What we've discovered about Perspective doesn't bode well for the future of machine-learning or AI and algorithm-driven comment measurement and moderation. Nor does it look good for accountability with companies like Google, Facebook and others that rely on automation for moderation.
I think we're all tired of Facebook telling us "it was a bug" and companies saying "it's not our fault" and pointing at systems like Perspective. Despite the fact that they're complicit by using it. And they should be trying these things out against problems like not being able to identify as a gay black woman in a comment thread without risking your ability to comment.

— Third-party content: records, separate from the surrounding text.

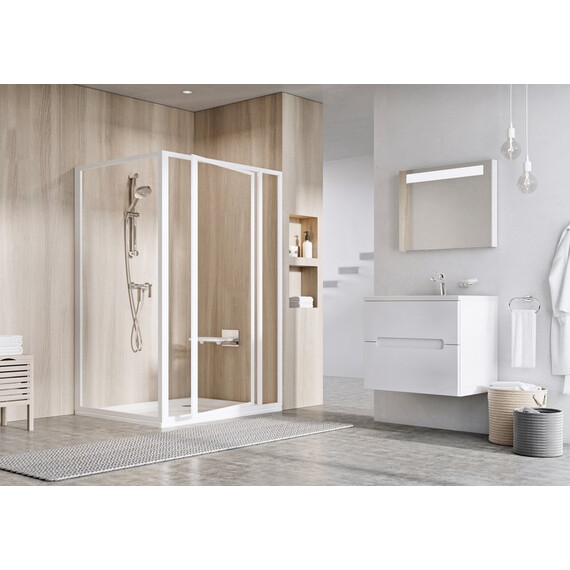 НЕПОДВИЖНАЯ СТЕНКА RAVAK SUPERNOVA APSS-90 198 САТИН+TRANSPARENT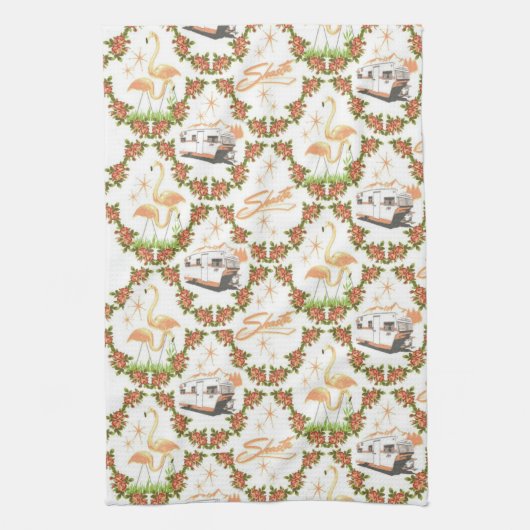 レトロのShastaの皿タオル キッチンタオル (縦)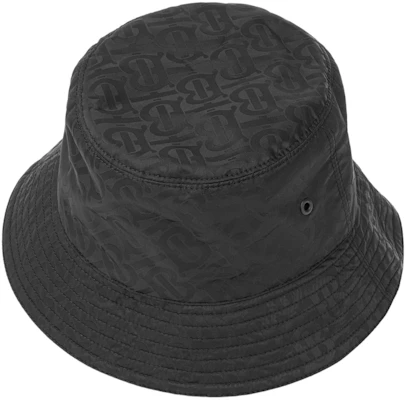 Burberry Monogram Jacquard Polyester Bucket Hat Unisex Couple Style Black. 8031026 Shop Burberry Monogram Jacquard Polyester Bucket Hat Unisex Couple Style Black. 8031026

Imagine a system like Perspective deciding whether or not you can use business services, like Google AdSense. Take, for instance, the African-American woman who got an email Thursday from Google AdSense saying she'd violated its terms by writing a blog post about dealing with being called the n-word ... on her own website.

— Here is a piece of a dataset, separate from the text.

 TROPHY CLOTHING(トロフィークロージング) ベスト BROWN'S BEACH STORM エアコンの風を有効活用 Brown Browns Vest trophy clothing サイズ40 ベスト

Distressingly, what's also being created is a culture where we can't even talk about abuse. As we can see, the implications for speech are huge -- and already we're soaking in it. Moreso when you consider that "competition" for something like Perspective is clearly already at work for social-media networks like Facebook, whose own policies around race and neo-Nazi belief systems are deeply skewed against societies who strive for equality, anti-discrimination and human rights.
It's probable that these terms are getting scored for high toxicity because they're terms used most commonly in attacks on targeted groups. But the instances mentioned in this article are clear failures. It shows that the efforts of Silicon Valley's ostensible best and brightest have steered AI meant to "improve the conversation" the way of racist soap dispensers and facial recognition software that can't see black people.
Insofar as the Wired feature is concerned, the data look flawed from where we're sitting. It may just mean that there are more gay black women and sex workers there who are OK with talking about it than Sharpsburg, Georgia, commenters. Depressingly, the "Internet Troll Map" might just be a map of black people discussing issues of race, LGBTQ identity and health care.
Which, we hope, is the opposite of what everyone intended.